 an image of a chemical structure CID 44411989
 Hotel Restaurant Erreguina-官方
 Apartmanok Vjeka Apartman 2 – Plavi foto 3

▶ _INSTRUCTIONS FOR THE TASK_: Set down the listing above in full, please, exactly as it appears.

▶ _SOLUTION BELOW_:
 an image of a chemical structure CID 44411989
 Hotel Restaurant Erreguina-官方
 Apartmanok Vjeka Apartman 2 – Plavi foto 3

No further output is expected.